At the same time, wide Internet access, facilitated by mobile phones, means that urban and rural people have similar access to information, including brands, and they share similar aspirations. Urban-rural seems less like a divide and more like a continuum. The income gap is wide but narrowing. The mindset gap has almost disappeared, although rural Indians remain more traditional in outlook.

But even in urban India, young people remain more conservative than young people in the West. While they push for greater gender equality in the workplace and for individual autonomy in choosing romantic partners, young Indians also are respectful of long-time traditions and are more inclined to be in dialogue with their parents rather than in conflict. Influence works both ways, and attitudes of younger Indians are nudging the older generations toward progressive views.

BRAND RESPONSES

Brands are responding to all of these trends. Ads sometimes take on social issues such as gender equality, typically presenting a progressive point of view while navigating a sensitive issue with humor. Meanwhile, marketing communication is increasingly digital, although India is one of the few major media markets where strong growth of traditional media continues.

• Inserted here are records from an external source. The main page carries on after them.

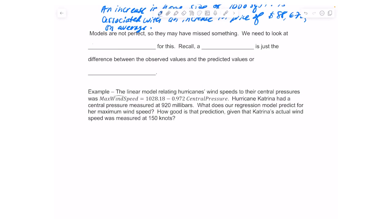Hi everyone, and welcome back. In this lesson we're going to look at residuals. We learned from other lessons that models are not perfect, so they may have missed something. We need to look at residuals for this. A residual is the difference between the observed values and the predicted values. The symbol for residual is e — it's observed minus predicted, or actual minus predicted.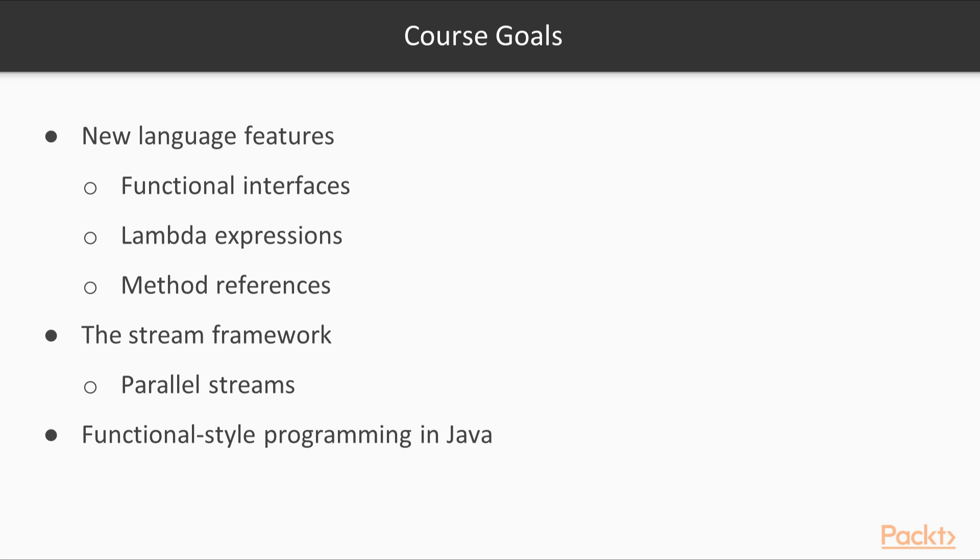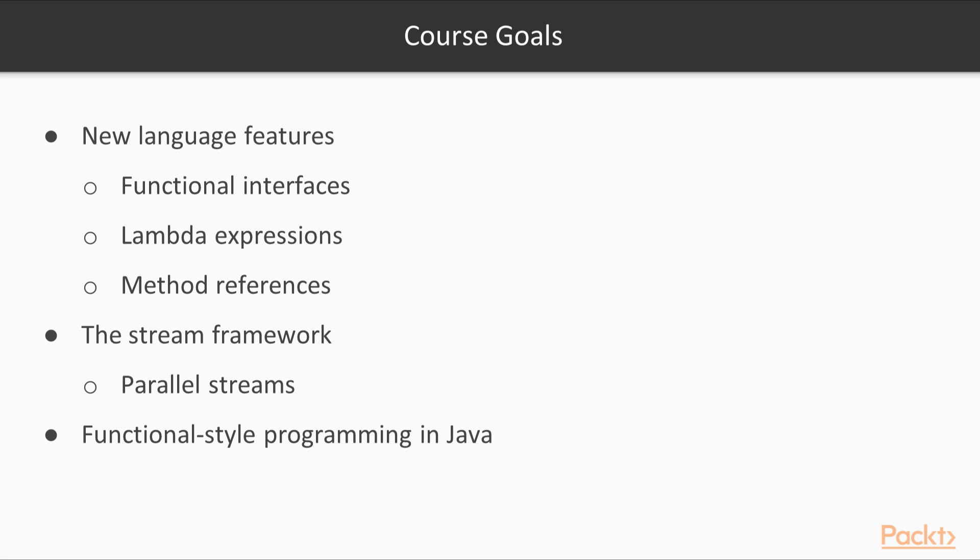So, the goal of this course is threefold. First, getting to know the new language features introduced in Java 8, namely functional interfaces, lambda expressions, and method references. Second, learning to use streams, and parallel ones in particular, for a variety of data processing tasks. Finally, all along the way, I will provide tips and guidelines for adapting traditional object-oriented programming to the functional style.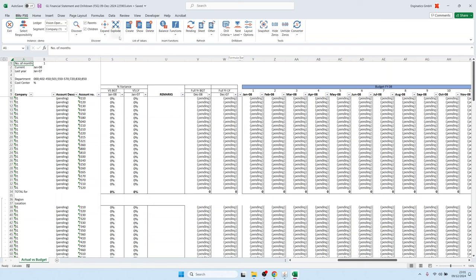That was the main functionality of the financial statement generator in BlitzReport. Thanks for watching.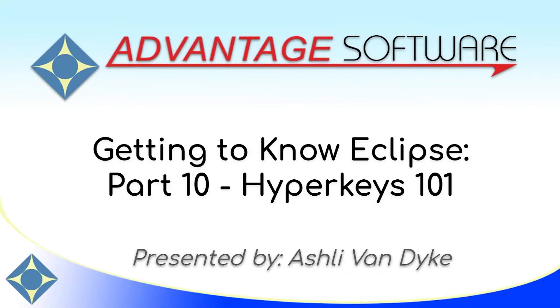Hello and thank you for watching. I'm Ashley Van Dyke with Advantage Software, and on today's video, Getting to Know Eclipse Part 10, Hyperkeys 101, I'm going to show you how simple and easy it is to start using Hyperkeys.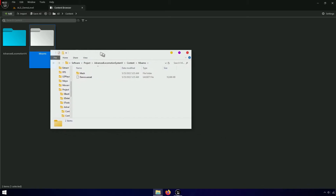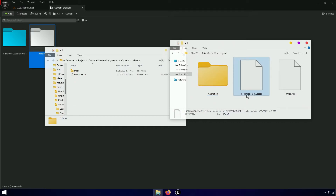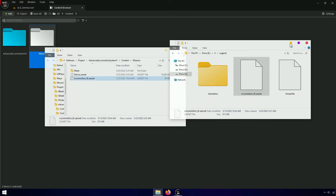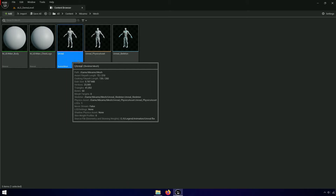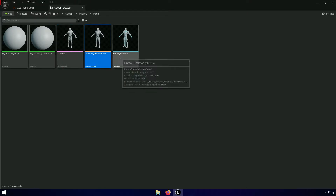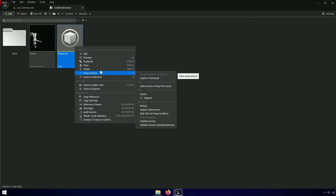Now go to the Mixamo folder and paste the rig IK. To assign the Mixamo to rig IK, I recommend to follow these steps.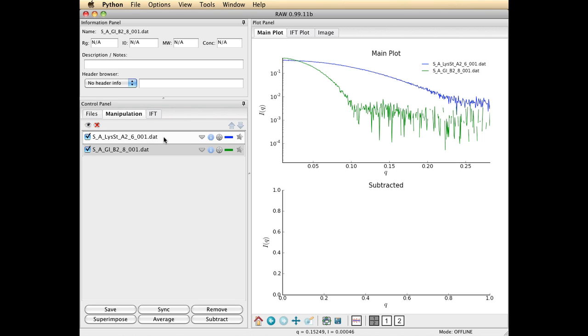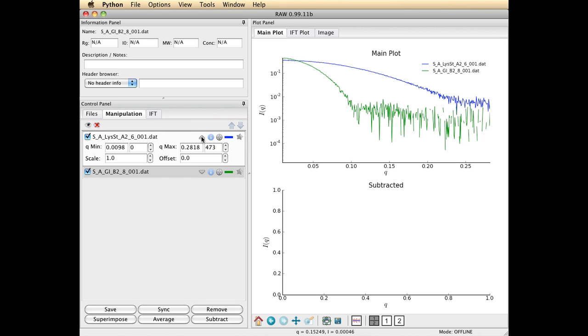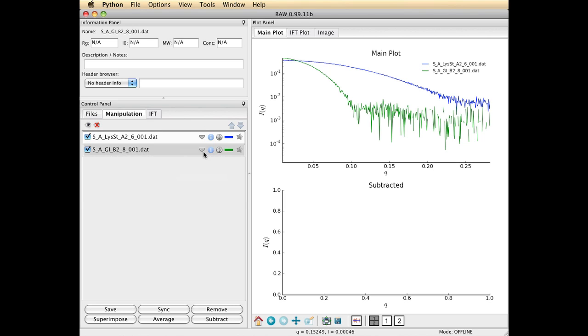You can expand and contract these little boxes using these arrows. Oftentimes when I have a large number of files on my desktop, I don't want to see all of the internal information. And I like to iconify them. And you can use these arrow tools to do that.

Multinationals and the brands of major Indian conglomerates face new competition as entrepreneurial Indian brands rapidly emerge. Sometimes these brands adapt global ideas; other times they introduce products that are essentially Indian. In contrast to multinationals, which usually pursue national distribution, certain Indian brands find sufficient scale by focusing on just one or two states, which works in India, where the population of the largest state exceeds that of Brazil.

More Indian brands are emerging in part because the Indian entrepreneurs are able to identify key insights about Indian market needs and build relevant businesses. These young entrepreneurs have a greater tolerance for risk than their parent’s generation, and they also have greater access to investment capital. And, because of the e-commerce nature of many of the brands they are creating, their capital requirements are relatively low.

GOVERNMENT ACTIONS

These trends unfolded in a dynamic market where consumers remained optimistic, but maybe not quite as optimistic as when they voted in the Bharatiya Janata Party and Prime Minister Narendra Modi two years ago. Promises made have met two seemingly untamable forces: government bureaucracies and the monsoons.

However, the government advanced several important measures designed to make it easier for foreign brands to do business in India. New rules permit 100 percent foreign investment in defense and aviation companies and liberalize ownership in the pharmaceuticals sector. The government also relaxed local sourcing regulations for retailers that primarily sell a single brand.

These changes are expected to attract more Foreign Direct Investment. The government also took important initial steps to make taxation simpler and more equitable, when the upper house of India’s parliament voted to replace a labyrinth of national, state, and local taxes with a single levy, the Goods and Services Tax (GST).

Finally, the government’s promotion of Indian identity has evoked national pride, but it has also challenged India, the world’s largest democracy, to balance the prerogatives of the Hindu majority with the rights of the 20 percent of the population that practice other faiths in this diverse country of over 1.3 billion people.